DOJ Points to Draft Email as Proof of Apple Ebook Price Fixing

The U.S. Department of Justice showed an email from Steve Jobs as evidence that Apple pushed publishers into forcing Amazon to move to an agency pricing model as part of its plan to artificially raise book prices. The message in question, however, was a draft that turned out to be very different from the final version he sent to Senior Vice President of Software and Services Eddy Cue.

DOJ: Email shows intent to control ebook prices. Apple: Nope.DOJ: Email shows intent to control ebook prices. Apple: Nope.

In reference to the move to an agency model where publishers set book prices instead of retailers, the draft version of the email from Mr. Jobs stated, "I can live with this as long as they move Amazon to the agent model too for new releases for the first year. If not, I'm not sure we can be competitive."

That line, according to the DOJ, backs up its argument that Apple was actively working to help manipulate the ebook price market with publishers, according to AllThingsD. The problem with that argument is that the message was never sent, and Apple went so far as to submit evidence showing as much.

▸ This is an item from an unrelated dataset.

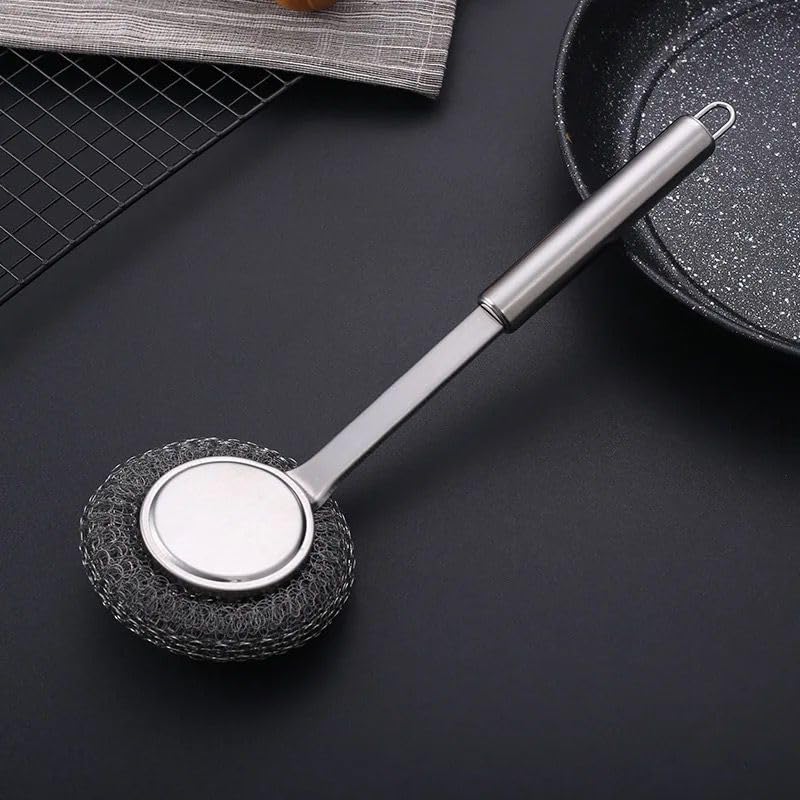 Dwariyan Stainless Steel Handel Dish Cleaner |Stainless Steel Scrubber with Handle | Steel Sponge Ball Brush | Pot Cast Iron Scrubber Pan Cleaning Brush | Rapid Long Steel Handle Brush | Dish Kitchen (B0DG56YSBT) Amazon Price History, Amazon Price Tracker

The email that Mr. Jobs actually sent to Mr. Cue told a different story:

I can live with this as long as they also agree to the other thing you told me you can get: The retail price they will set for any book will be the LOWER of the applicable 'iTunes' price below OR the lowest wholesale price they offer the book at to anyone else, with our wholesale price being 70% of such price. For example, normally our retail price for a $26 book will be $12.99 and we will pay 70% of that, or $9.10. However, if they offer the same book to Amazon for a wholesale price of, say $12.50, then our retail price for the same book shall be set at $12.50 and we will pay 70% of that price for the book.

Apple, along with Penguin, MacMillan Simon & Schuster, HarperCollins, and Hachette Book Group were all accused of working together to push ebook prices higher by forcing retailers into using what's called an agency pricing model where publishers set book prices instead of stores. All of the publishers eventually settled out of court instead of taking their chances at trial, while Apple has held strong that it did nothing wrong and is the only company from the original case that's fighting the DOJ in court.

The DOJ had hoped to bolster its case against Apple with the apparently damning email, and could still say it shows the company's intent even though it wasn't ever sent. With the actual message in evidence now, too, the agency may have a more difficult time using it to help make their case, especially since Penguin CEO David Shanks backed up Apple's claims when he testified last week.

Mr. Cue is scheduled to take the stand on Thursday where the DOJ will likely focus on establishing him as the point man for Apple's grand plan to control ebook prices. Apple will continue to assert that it wasn't interested in the types of deals publishers had with other retailers and instead only wanted to ensure that it was able to offer competitive prices through its iBookstore.